TASK PROMPT:
The output must consist only of the lines from the one with "The Ritual of" through the end of the listing, restated exactly and free of pictures.

RECORDS PROVIDED:
__________

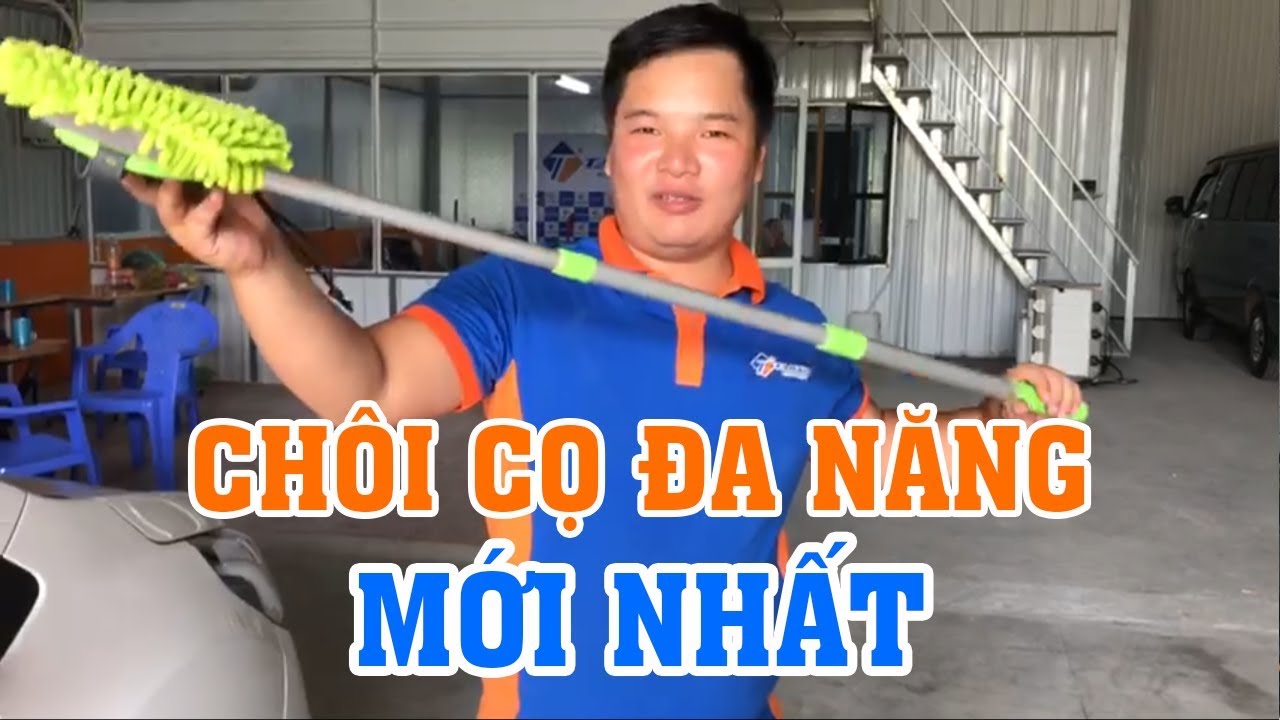 Chổi lau thành và nóc xe ô tô màu trắng 25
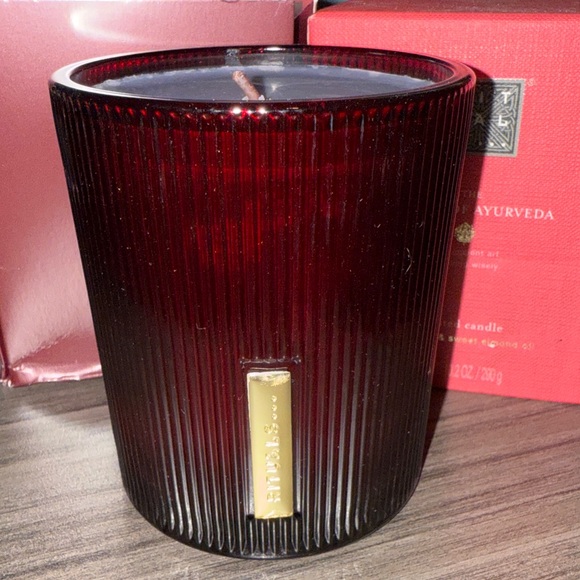 The Ritual of Ayurveda Scented Candle Indian Rose & Sweet Almond Oil | NEW Unlit - Picture 8 of 10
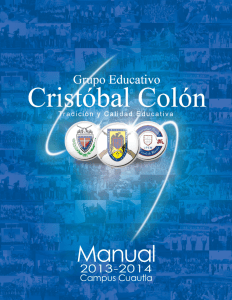 manual cuautla 2013 2014 - Colegio Cristóbal Colón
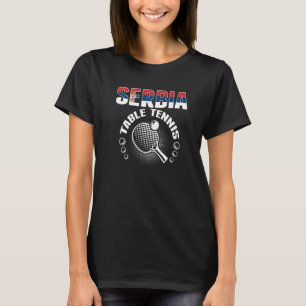 Camiseta Sérvia Mesa de apoio à Tênis sérvia Ping Pong Te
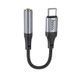 Аудiокабель HOCO LS36 Type-C to 3.5 female, nylon braid, 0.12m, Black 170262571 фото 1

__________

REPLY TO THE TASK:
 The Ritual of Ayurveda Scented Candle Indian Rose & Sweet Almond Oil | NEW Unlit - Picture 8 of 10
 manual cuautla 2013 2014 - Colegio Cristóbal Colón
 Camiseta Sérvia Mesa de apoio à Tênis sérvia Ping Pong Te
 Аудiокабель HOCO LS36 Type-C to 3.5 female, nylon braid, 0.12m, Black 170262571 фото 1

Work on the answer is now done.